Levulinic acid (LA) and sodium dodecyl sulfate (SDS) are GRAS substances that could be used as a synthetic flavoring and adjuvant (21 CFR 172.515) and multipurpose additive (21 CFR
172.822) respectively. Cannon et al. (2012) reported that a combination of 0.5% levulinic acid and
0.5% SDS (pH 3.8) when combined with murine norovirus (MNV-1) or feline calicivirus (FCV-
F9) at 10:1 ratio resulted in reductions of 3 to 4.21 log PFU/mL within 1 min. When inoculated on stainless steel, MNV-1 reduction of >1.50 log PFU/mL after 1 min and >3.3 log PFU/mL after 5 min of exposure to a liquid or foaming solution of 5% levulinic acid plus 2% SDS was obtained.
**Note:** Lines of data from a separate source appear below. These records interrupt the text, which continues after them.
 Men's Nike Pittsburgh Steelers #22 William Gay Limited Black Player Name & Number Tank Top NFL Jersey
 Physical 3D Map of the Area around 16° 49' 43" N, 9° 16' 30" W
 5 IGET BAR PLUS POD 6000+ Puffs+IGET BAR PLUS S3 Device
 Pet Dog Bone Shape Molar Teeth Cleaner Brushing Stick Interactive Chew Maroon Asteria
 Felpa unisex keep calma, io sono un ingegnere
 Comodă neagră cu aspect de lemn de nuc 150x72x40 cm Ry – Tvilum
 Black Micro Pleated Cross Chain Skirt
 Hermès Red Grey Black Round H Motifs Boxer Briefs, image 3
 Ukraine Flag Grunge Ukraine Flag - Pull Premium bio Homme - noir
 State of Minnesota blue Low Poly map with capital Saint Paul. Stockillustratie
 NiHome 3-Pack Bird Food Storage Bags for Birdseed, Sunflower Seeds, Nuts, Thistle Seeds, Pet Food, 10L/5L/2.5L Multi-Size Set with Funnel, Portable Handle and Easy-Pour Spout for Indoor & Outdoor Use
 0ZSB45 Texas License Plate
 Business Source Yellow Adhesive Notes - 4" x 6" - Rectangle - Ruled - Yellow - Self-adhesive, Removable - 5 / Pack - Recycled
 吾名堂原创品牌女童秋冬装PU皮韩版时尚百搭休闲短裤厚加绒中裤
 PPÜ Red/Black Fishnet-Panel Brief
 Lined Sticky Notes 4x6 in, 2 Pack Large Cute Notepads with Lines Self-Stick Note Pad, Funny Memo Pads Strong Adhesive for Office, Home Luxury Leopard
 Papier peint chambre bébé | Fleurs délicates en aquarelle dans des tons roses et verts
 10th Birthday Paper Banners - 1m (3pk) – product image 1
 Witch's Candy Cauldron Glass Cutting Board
The effect of this combination was found to be unaffected by the presence of up to 10% of organic matter. However, the mechanism of action of this sanitizer is not known. The application of LA and SDS wash against HAV or AiV has not yet been reported in literature, and this research would help determine the spectrum of antiviral activity of LA-SDS combinations.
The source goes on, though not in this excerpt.